The other day though I bought some terrain from these guys:

The farm that inspired it all
They are a social enterprise who help people with problems learn skills to get them back into work. They also produce some really cool terrain at pretty good prices. But anyway, I'm digressing. The point is that I bought a farmyard from them. I intended to use it for various fantasy games (which I will) but it looks decidedly Waterloo-y.

This reminded me of Flintloque. If you don't know it's a fantasy game but in a Napoleonic type setting. Jordan, one of my regular opponents (some could even say friend, but you know, let's not be too touchy-feely about this) has had a unit of goblins for some time.

Looking into Flintloque the setting is pretty cool. Jordan's Goblins are analogous to the Portuguese, allies of the British, or Orcs of Albion. So I would need to pick some miniatures from the French side. In the end I plumped for some Ferach Dragoons (dismounted), the Ferach Empire being Elves.

The next problem was rules. Flintloque certainly has its fans. It's been around for years and by the looks of things has a pretty dedicated band of followers. I bought the rules and had a perusal, how ever I really couldn't get my head round them. They seemed (rightly or wrongly) reminiscent of the Wargames Research Group style of game, lots of tables and quite dry. This may well be very unfair, I've never played these games, if so I apologise.

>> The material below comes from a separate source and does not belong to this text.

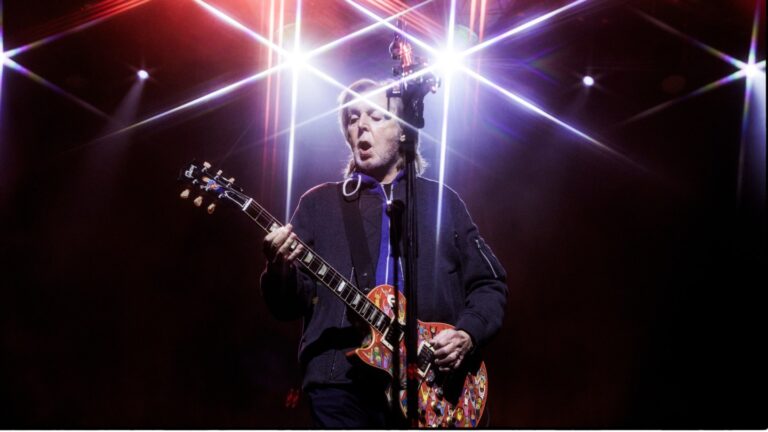 Paul McCartney Plays Rare Theater Concert at Fonda in Los Angeles – Celebrity & Entertainment News
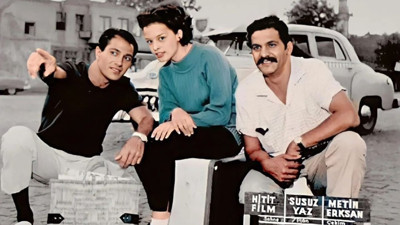 Fotoğraftaki kadın sanatçıyı tanıdınız mı? Giydiği ayakkabıya dikkatli bakın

However, Ganesha Games do produce a Napoleonic skirmish game. It is historical but using the Song of Blades and Heroes engine is easily convertible. Also the SoBaH variant rules suit my idea of a good time, simple, fast paced and fun.

Some Goblins advance...
And so to the game. As I said above, it was Jordan's Goblins against my Ferachi dragoons. This was Jordan's first game from the Ganesha stable, and only my third, so we decided on a simple set-up-on-opposing-sides-of-the-table-and-kill-the-other-guys scenario.

The Goblins had lower Combat and Quality scores than my elves, but they had rifles against my carbines. Thus my strategy was to advance as quick as I could under cover and get into combat. To be fair Jordan didn't really appreciate the differences in our side. Well he did, but only after they started falling like flies, my wily Elves ganging up on his Goblins one at a time.

... and then quickly run away again
Again moral was a deciding factor of this battle, at least this time I was on the right end of it. After I killed his leader, many of the Goblins turned tale and fled, one of them being hacked down in the process. They soon fell below half strength and had to test again. All bar one either ran away or died in the following chaos, he didn't last long and it was a pretty conclusive victory for the Ferachi, with just one casualty.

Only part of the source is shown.